Sum of Infinite Series: Finding n and Correct to Three Decimal Places

[remaan]

Homework Statement

Find the sum of the series n= 1 to infinity of ( 1/n ^5 ) correct to three decimal places .

Homework Equations

We have to find Sn by sub. n number of terms

The Attempt at a Solution

But , we are not given n, so how to find the sum in such a case, is there a way to find n ?

( I mean by n the number of Sn terms )

any help would be nice

 

[remaan]

Any help will be great ..

 

[Pengwuino]

You are given n, n=1 to infinity. The summation is defined as the sum of in this case, an infinite number of terms of \frac{1}{{n^5 }}. If the problem stated n = 1 to 3, for example, it would simply be \frac{1}{{1^5 }} + \frac{1}{{2^5 }} + \frac{1}{{3^5 }}

 

[remaan]

Do you mean that I should make an integral n=1 to infinity ?
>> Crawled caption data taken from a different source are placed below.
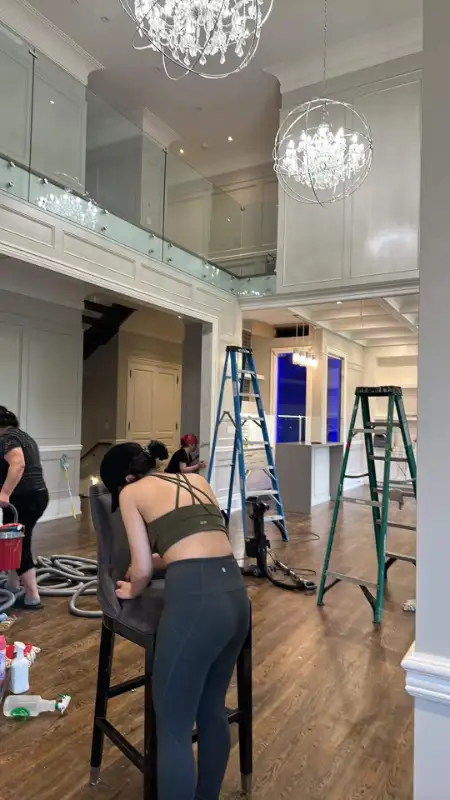 Cleaning64589975169281121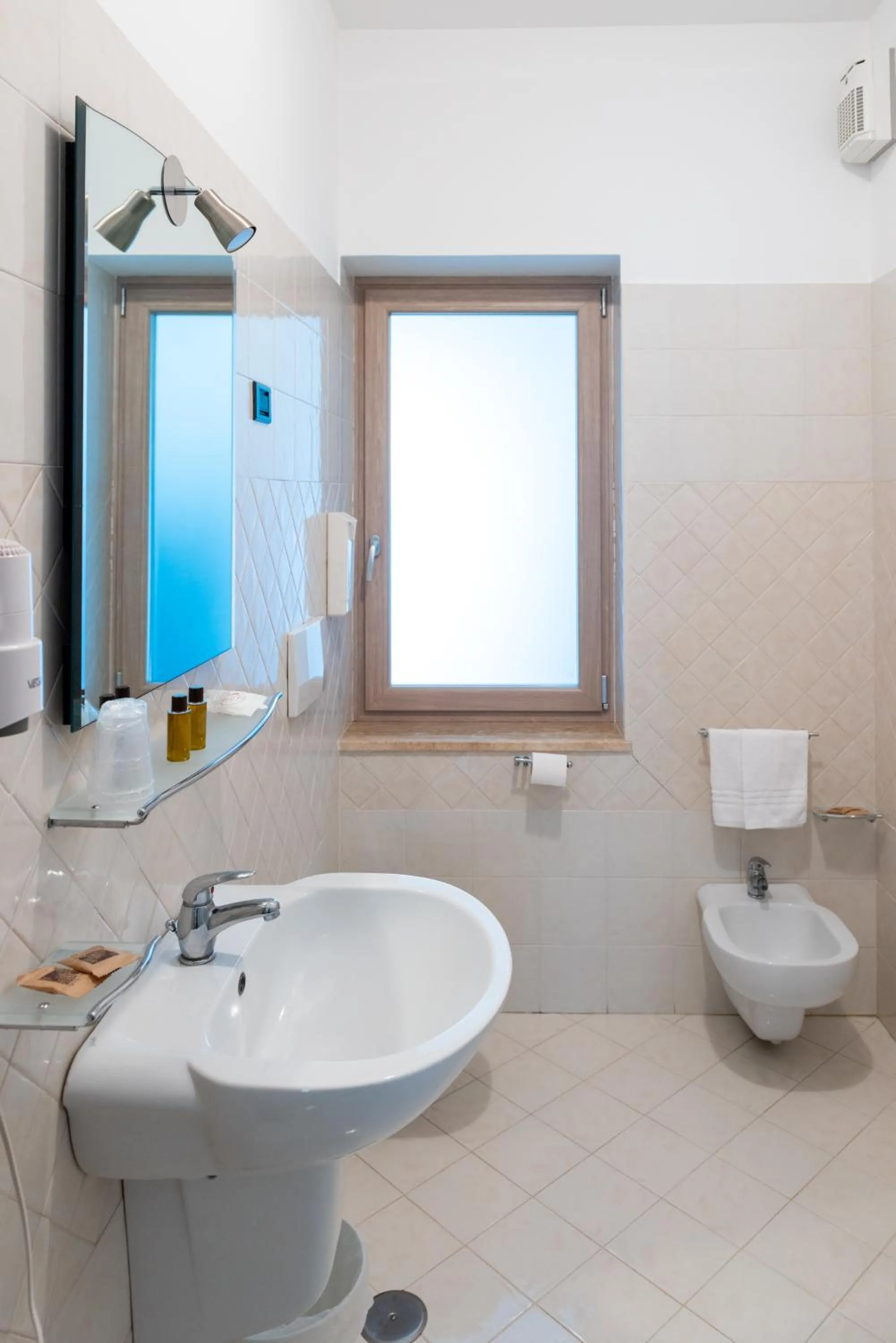 Bathroom in Hotel Villa Maria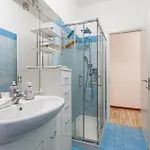 Affori Centro Metro Con Camera E Cucina アパート ミラノ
even without telling that n=1 ?

 

[remaan]

Ya, I tried that and I got .25
and what I did is that I itegrated the given function and then evaluated the integtal
with replacing the infinity with t and this what I got..

So " it seems that we are not using the Sn , partial sums at all" Right ?

 

[Pengwuino]

No, n is an index, not a variable in the usual sense. n counts from 1, 2, 3, 4, to infinity in integer steps. It sounds like an integral but it's completely different.

 

[remaan]

Yes, sure I understand all what you said,
But still did not answer my question,

Is the way I did correct ,, integration without any Sn ??

 

[Pengwuino]

There is no integration involved, you're simply adding \frac{1}{{1^5 }} + \frac{1}{{2^5 }} + \frac{1}{{3^5 }} all the way to n = infinity. Now the question wants you to do this until the first 3 digits no longer change when you continue to add.

 

[remaan]

I was thinking that the anwer should be rounded to 3 decimal places

 

[remaan]

Because it saya " correct to three decimal places " ??

What do you think ??

 

[Pengwuino]

If you start calculating each term, you'll quickly realize that the first 3 decimal places no longer change in the sum after a certain n. That means you've found the sum accurate to 0.001.

 

[remaan]

Uha, but this is not always
It happenes to be correct in this case

Right ?

 

[Pengwuino]

As long as the series isn't divergent, each additional sum will add smaller and smaller amounts to the sum. However, I don't believe that the digits are guaranteed to stay the same as your summation approaches infinity.

 

[remaan]

Ok, and when it says accurate to three decimal places that means

0.000x

where x is any number, I mean to say that three decimal places means three zeros

 

[Dick]

Ok, and when it says accurate to three decimal places that means

0.000x

where x is any number, I mean to say that three decimal places means three zeros

Why are you messing around with this? Why don't you use the remainder estimate Tom Mattson suggested in your other thread? Rn is less than or equal to an integral.

 

[remaan]

Uha, am ok with that, but I was wondering about the meaning of correct to three decimal places mean ?

 

[Dick]

I think they probably just mean make sure that Rn<0.001. Making sure that really means you have 3 correct decimal places could be a little tricky if you have, let's say Sn=0.1234 and Rn<0.001. That really doesn't tell you exactly how to round off. But I don't think they mean to be tricky.

 

[remaan]

Still, I don't feel that my question is anwered..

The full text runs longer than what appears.